What you are asked to do
Please set down the lines of the listing exactly, from its first line to the line with "a kitchen with", leaving the pictures out.

Input data
<<<<

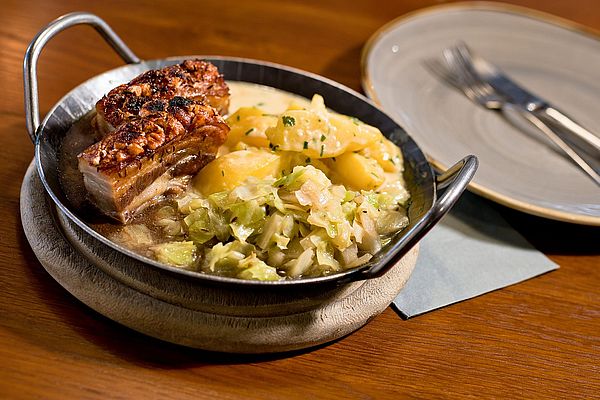 Schweinekrustenbraten in einer Pfanne mit frischen Kartoffeln und Kraut
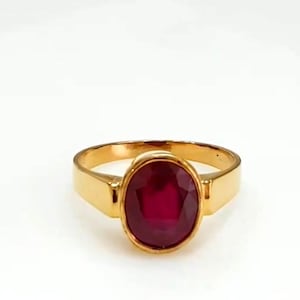 May include: A gold ring with a large, oval-shaped, deep red gemstone. The ring has a simple, classic design with a polished gold band. The gemstone is the focal point, set in a bezel setting, highlighting its rich colour and brilliance.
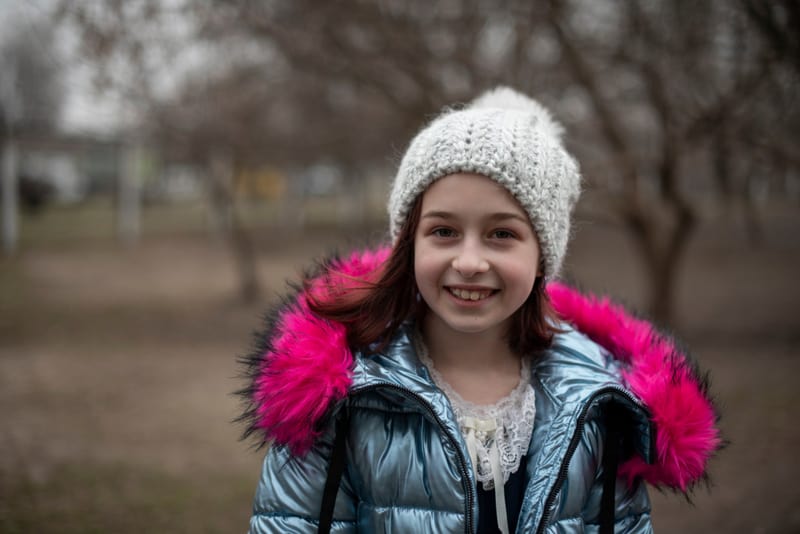 beautiful little girl wearing jacket in park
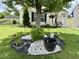 A view of the well-manicured front yard and the home's facade, accented by a decorative tree ring at 3848 Griffis Glen Dr, Raleigh, NC 27610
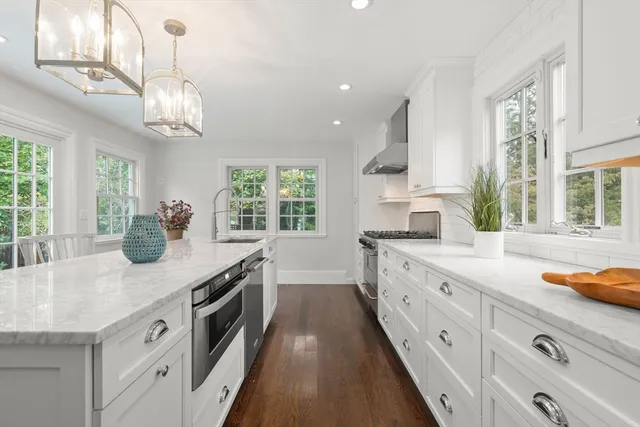 a kitchen with stainless steel appliances granite countertop a white stove a sink dishwasher and white cabinets with wooden floor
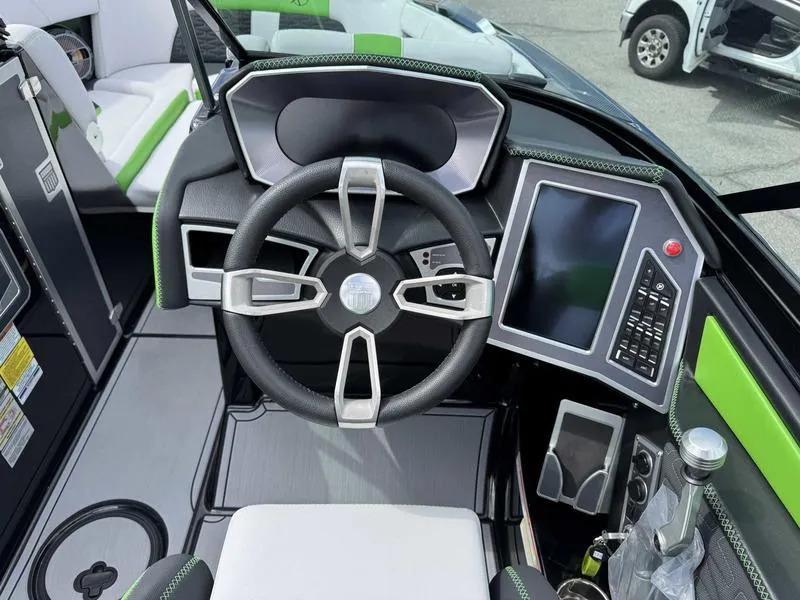 Slide: The Image of 2021 MasterCraft X24 boat dashboard with steering wheel and touchscreen controls. - 12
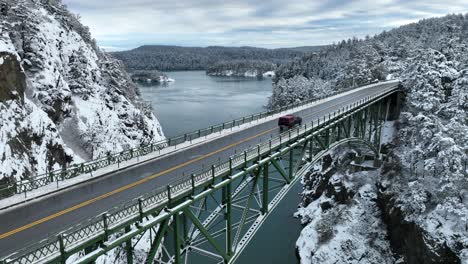 Truck-crossing-a-bridge-with-the-surrounding-land-covered-in-snow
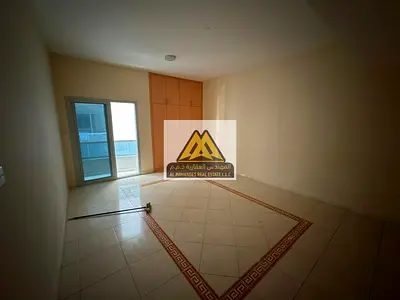 Prime Luxury Location on Sheikh Khalifa Street | Closed Kitchen | 2 Balconies | Built-in Wardrobes | Central AC | Large Parking Area in Front of Build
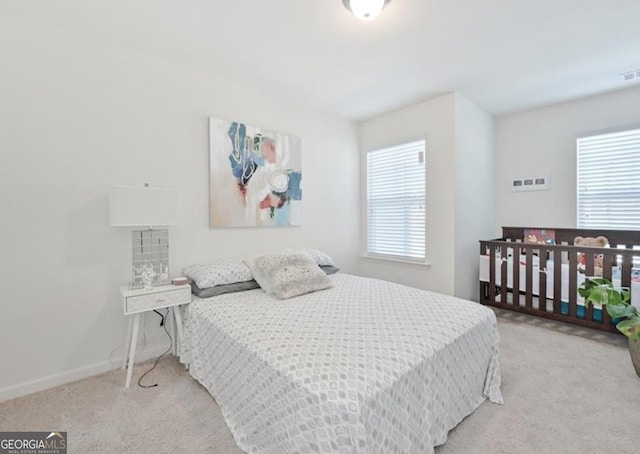 carpeted bedroom with baseboards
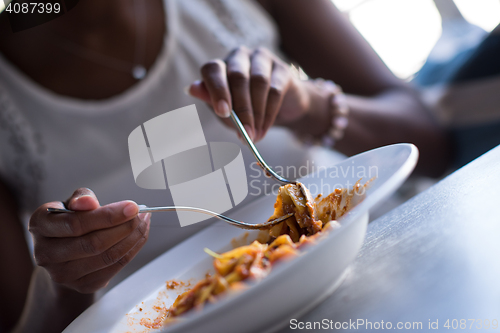 Image of a young African American woman eating pasta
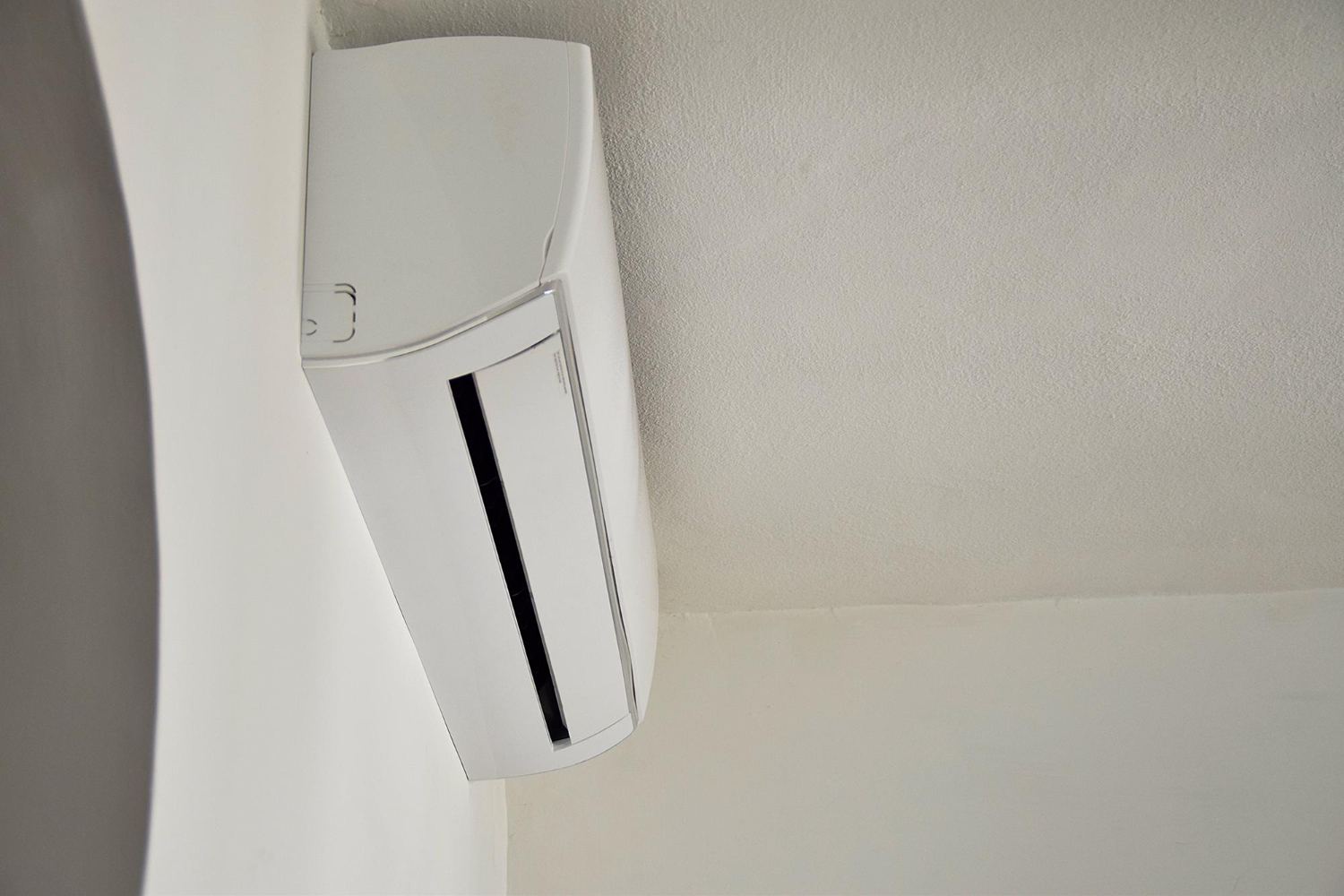 White air conditioner or heat pump mounted on a light wall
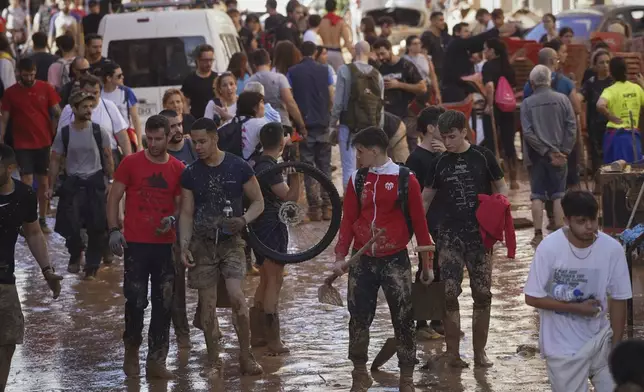 People walks through the mud at an area affected by floods in Paiporta, near Valencia, Spain, Friday, Nov. 1, 2024. (AP Photo/Alberto Saiz)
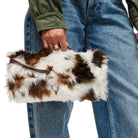 A person wearing blue jeans and an olive green jacket holds a fluffy faux-fur clutch bag with brown and white cow-print patches and a brown leather strap with gold hardware.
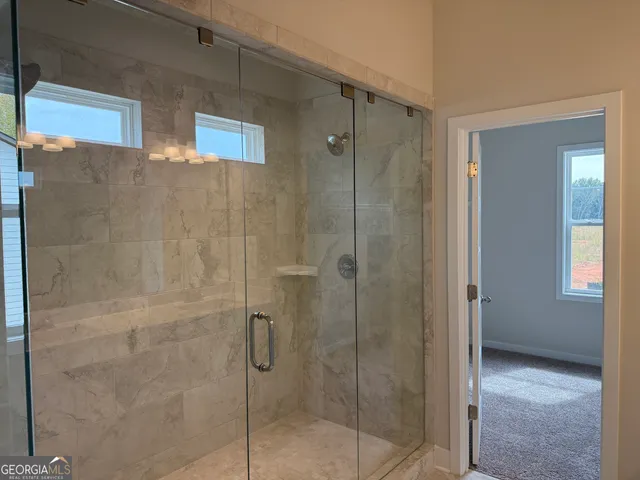 a front view of a house with a yard table and chairs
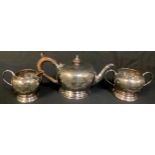 A three piece silver tea service comprising teapot, cream jug and sucriere, Sheffield 1928/1929,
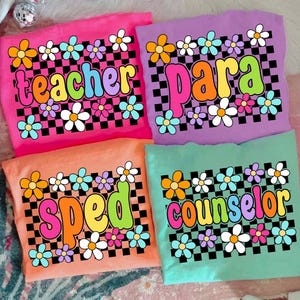 May include: Four colorful t-shirts with floral designs and the words "teacher", "para", "sped", and "counselor". Each shirt has a different background color: pink, purple, orange, and teal. The text is in a retro font with a checkerboard pattern.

>>>>

Your solution
 Schweinekrustenbraten in einer Pfanne mit frischen Kartoffeln und Kraut
 May include: A gold ring with a large, oval-shaped, deep red gemstone. The ring has a simple, classic design with a polished gold band. The gemstone is the focal point, set in a bezel setting, highlighting its rich colour and brilliance.
 beautiful little girl wearing jacket in park
 A view of the well-manicured front yard and the home's facade, accented by a decorative tree ring at 3848 Griffis Glen Dr, Raleigh, NC 27610
 a kitchen with stainless steel appliances granite countertop a white stove a sink dishwasher and white cabinets with wooden floor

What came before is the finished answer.